This command can be used to run only steps 9 & 10 from an aborted ``firesim
buildbitstream`` for F1 that has been manually corrected. ``firesim tar2afi`` assumes
that you have a
``firesim/deploy/results-build/LAUNCHTIME-CONFIG_TRIPLET-BUILD_NAME/cl_firesim``
directory tree that can be submitted to the AWS backend for conversion to an AFI.
When using this command, you need to also provide the ``--launchtime LAUNCHTIME``
cmdline argument, specifying an already existing LAUNCHTIME.
This command will run for the configurations specified in :ref:`config-build` and
:ref:`config-build-recipes` as with :ref:`firesim-buildbitstream`. It is likely that you
may want to comment out build recipe names that successfully completed the
:ref:`firesim-buildbitstream` process before running this command.
.. _firesim-shareagfi:
``firesim shareagfi``
---------------------
.. note::
Can only be used for the F1 platform.
This command allows you to share AGFIs that you have already built (that are listed in
:ref:`config-hwdb`) with other users. It will take the named hardware configurations
that you list in the ``agfis_to_share`` section of ``config_build.yaml``, grab the
respective AGFIs for each from ``config_hwdb.yaml``, and share them across all F1
regions with the users listed in the ``share_with_accounts`` section of
``config_build.yaml``. You can also specify ``public: public`` in
``share_with_accounts`` to make the AGFIs public.

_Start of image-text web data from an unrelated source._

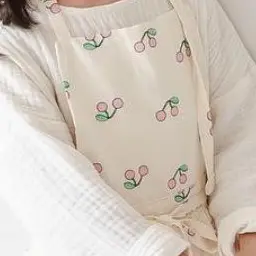 Profile image of 백 설아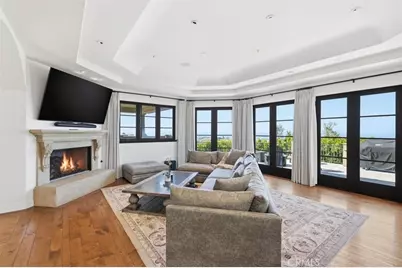 109 S Poinsettia Avenue, Manhattan Beach, CA 90266 - Photo 6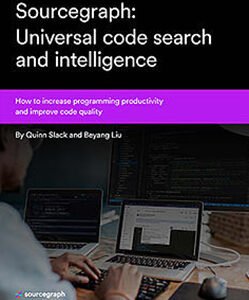 Universalapp 260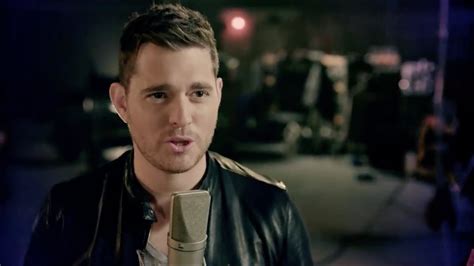 Michael Bublé - Close Your Eyes [Official Music Video] - YouTube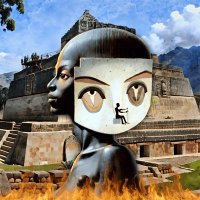 jjx0302 (@stolte2711) 's Twitter Profile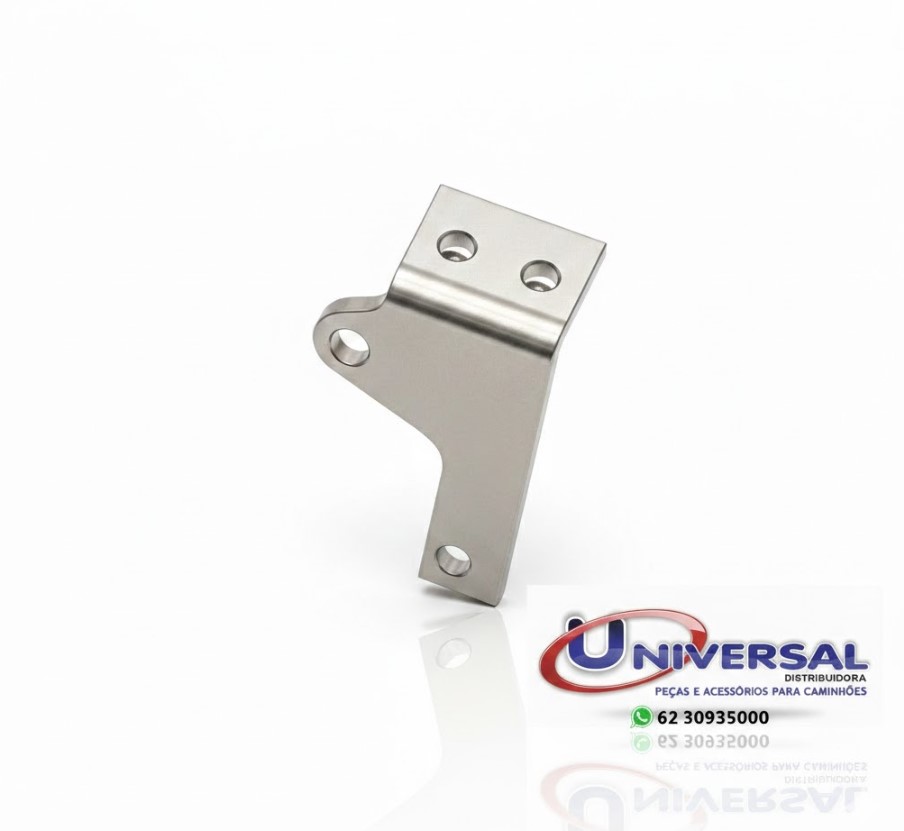 F3090 - SUP SAIDA MOTOR MB AXOR 1933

You must own the AGFIs in order to do this -- this will NOT let you share AGFIs that
someone else owns and gave you access to.
.. _firesim-launchrunfarm:
``firesim launchrunfarm``
-------------------------
.. note::
Can only be used for the F1 platform.
This command launches a **Run Farm** on AWS EC2 on which you run simulations. Run farms
consist of a set of **run farm instances** that can be spawned on AWS EC2. The
``run_farm`` mapping in ``config_runtime.yaml`` determines the run farm used and its
configuration (see :ref:`config-runtime`). The ``base_recipe`` key/value pair specifies
the default set of arguments to use for a particular run farm type. To change the run
farm type, a new ``base_recipe`` file must be provided from ``deploy/run-farm-recipes``.
You are able to override the arguments given by a ``base_recipe`` by adding keys/values
to the ``recipe_arg_overrides`` mapping. These keys/values must match the same mapping
structure as the ``args`` mapping. Overridden arguments override recursively such that
all key/values present in the override args replace the default arguments given by the
``base_recipe``. In the case of sequences, a overridden sequence completely replaces the
corresponding sequence in the default args.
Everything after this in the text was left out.